O investimento em larga escala por parte do Estado também é problemático. A julgar pelo orçamento trienal aprovado, a prioridade do governo é sem dúvida o financiamento da guerra. As principais áreas de despesa do orçamento são os setores de segurança, que representarão quase um terço de todas as despesas (9,3 trilhões de rublos) em 2023. As despesas com a economia, ao contrário, estão sendo reduzidas de 4,5 trilhões de rublos em 2022 para 3,5 trilhões em 2023.

O volume total de despesas permanecerá efetivamente inalterado (29 trilhões de rublos) em termos nominais, o que significa uma redução notável em termos reais. Os gastos com necessidades militares, no entanto, são protegidos de qualquer queda na renda. Portanto, são os gastos com o desenvolvimento da economia e a expansão dos programas sociais que serão reduzidos se cortes forem necessários.

O governo simplesmente não pode ter o clima de investimentos como uma de suas prioridades: ele está focado nas necessidades do exército. Já foram mobilizadas 300 mil pessoas entre 22 e 50 anos, baixando o PIB em 0,5%, e pode haver mais ondas de mobilização pela frente.

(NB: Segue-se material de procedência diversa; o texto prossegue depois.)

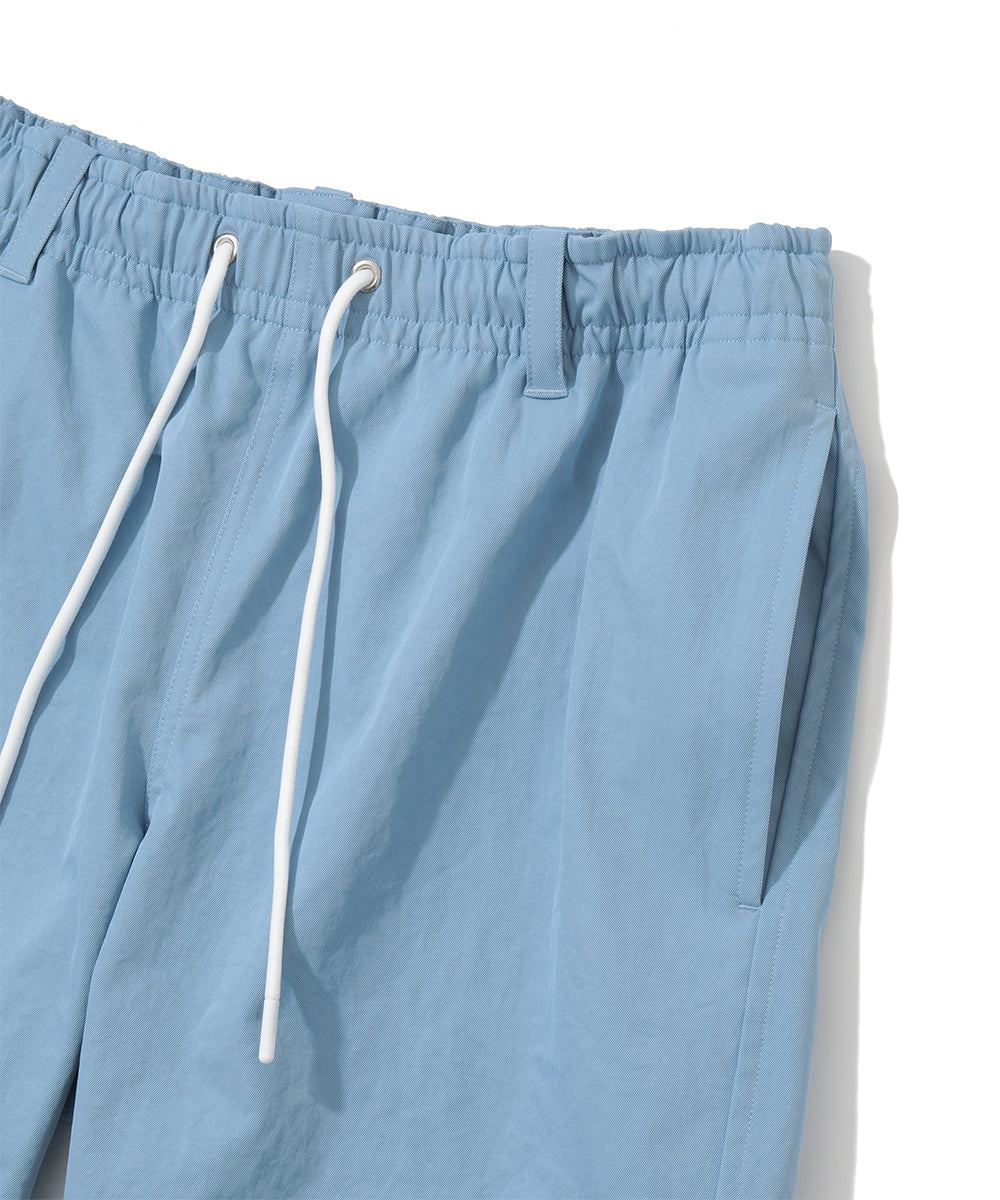 Tribe Tone Stretch Shorts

É mais difícil calcular as perdas de longo prazo do grande número de pessoas que deixaram a Rússia desde o início da guerra, que é estimado em 500 mil a um milhão. A escassez de pessoal qualificado resultante da fuga de cérebros pressionará o mercado de trabalho, elevando os salários mais rapidamente do que a produtividade e levando a riscos inflacionários.

Grandes dificuldades surgem da reorientação da produção russa para novos mercados. A capacidade de produção da infraestrutura que liga a Rússia ao Oriente é limitada: as capacidades portuárias, ferroviárias e de oleodutos já estão sobrecarregadas e a criação de nova capacidade requer recursos e tecnologia. Enquanto isso, a infraestrutura que atendia o comércio com a Europa permanece ociosa como resultado das sanções.

O fornecimento de mercadorias não sancionadas, mesmo para Estados amigos, está sendo impedido pela recusa das empresas internacionais de transporte de contêineres em trabalhar com a Rússia. Os problemas surgem não apenas na entrega das mercadorias, mas também no pagamento ou recebimento de pagamento por elas. As transações em euros e dólares podem ser bloqueadas ou demoradas. Mesmo em “países amigos”, os bancos se recusam a abrir contas para empresas russas e contas correspondentes para bancos russos.

A Rússia também está sob pressão para fazer concessões e oferecer descontos em seus produtos para aqueles que ainda estão dispostos a comprá-los: no momento, a Rússia precisa mais desses mercados do que eles precisam da Rússia. Voltar-se ao mercado doméstico pode fornecer apenas suporte parcial à manufatura, já que ele é simplesmente muito pequeno.

O Estado não tem conseguido ajudar os negócios com soluções sistêmicas, apenas adotando medidas direcionadas, como permitir pagamentos em dinheiro em operações de comércio exterior para evitar o uso de dólares e euros.

As empresas russas estão encontrando suas próprias maneiras de se adaptar às novas condições. Se o governo continuar resistindo à tentação de se curvar a um plano estatal com restrições rígidas sobre quem fornece o quê para quem, a economia russa provavelmente sobreviverá e o período de adaptação terminará por volta de setembro de 2023.

O potencial pré-guerra da economia russa não era muito grande, com crescimento de 2% a 3% ao ano. A guerra contra a Ucrânia e as restrições externas o reduziram para cerca de 1%. Por enquanto, o desenvolvimento da economia será revertido e levará de três a cinco anos para que esse declínio seja interrompido.

O governo e o presidente Vladimir Putin gostam de repetir que a Rússia já tem tudo de que precisa para se desenvolver. Mas uma transição para o crescimento baseado em recursos internos exigiria o fim da guerra na Ucrânia. Também precisaria de menos imprevisibilidade geral, maior concorrência, descriminalização de infrações econômicas e salvaguardas efetivas para os direitos de propriedade. As autoridades russas e o presidente sempre falharam em fornecer essas condições.